Long-term fertilization alters chemical composition and stability of aggregate-associated organic carbon in a Chinese red soil: evidence from aggregate fractionation, C mineralization, and 13C NMR analyses

Purpose Long-term fertilization is a widely accepted strategy to enhance soil organic (SOC). However, fertilization effects on the stability of aggregate-associated OC remained largely unknown. Thus, stability of aggregate-associated OC was studied through aggregate fractionation, C-mineralization, and C-13 NMR analyses. Materials and methods Three aggregates (macro-aggregates, micro-aggregates, and silt + clay) were separated and analyzed for SOC contents, C-mineralization, and C-13 NMR analysis, for the following fertilization modes: control (CK), inorganic (NPK), and NPK combined with manure (NPKM). Results and discussion Highest contents (12.3-15.4 g kg(-1) aggregate) for SOC were obtained in macro-aggregates under NPK and NPKM application which were 47 and 85% higher than CK. Under the applied treatments, the highest CO2-C mineralization (mg kg(-1) soil) was observed for macro-aggregates and least for silt + clay fractions indicating high stability of OC associated with silt + clay fraction. Moreover, manure combined with inorganic fertilizer (NPKM) considerably lowered C-mineralization (per unit SOC) in aggregates and bulk soil suggesting high potential of manure addition to stabilize SOC through minimizing proportional to total aggregate or bulk soil OC decomposition.
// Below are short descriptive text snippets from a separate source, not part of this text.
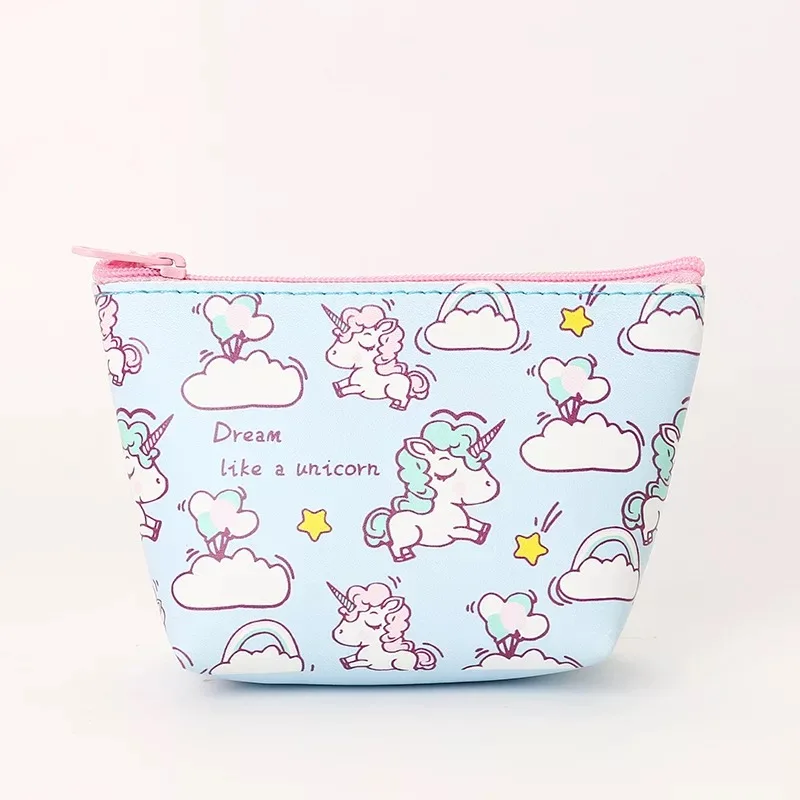 Blue unicorn small Косметичка с единорогом, женская сумка для макияжа, мини-косметичка, органайзер для макияжа, сумка для хранения, сумка для дорожного набора, многокарманная женская сумка - Цвет: Blue unicorn small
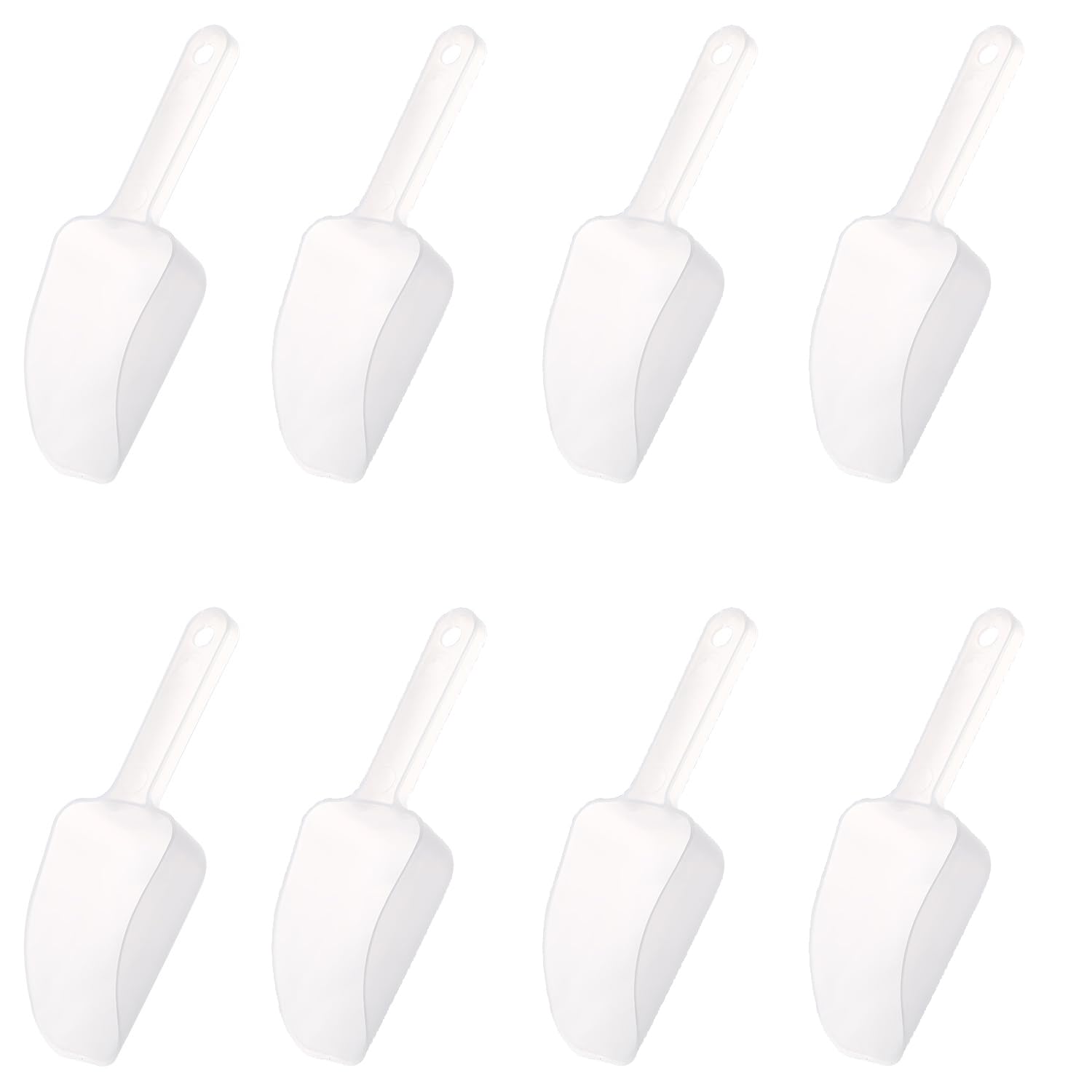 Lilalemon 8Pcs Ice Scoops Sweet Scoops, Candy Sugar Tongs and Mini Basic Measuring Shovel Spoon,Serving Ice Tongs Set, Scoop Gadgets for Sweet and Party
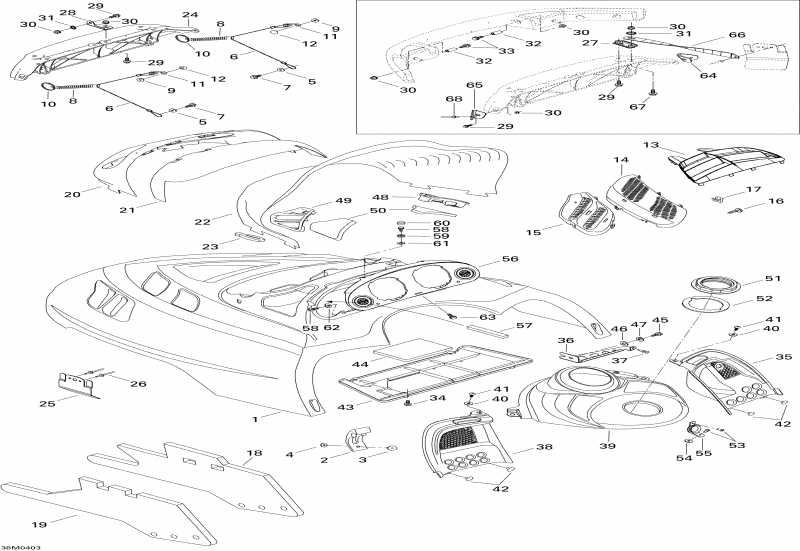 snowmobile  Summit 550F, 2004 - Cab, Console Summit 550f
Furthermore, C-13 NMR analysis revealed carbonyl-C as the chief C-functional group sequestered. Manure application greatly enhanced SOC stability indices AI, HI, and A/OA which further indicates high SOC stability under manure addition. Conclusion Silt + clay fraction was more capable of protecting SOC against decomposition and manure combined with inorganic fertilizer not only had the potential to sequester more C but could also improve the stability of sequestered SOC associated with different aggregates.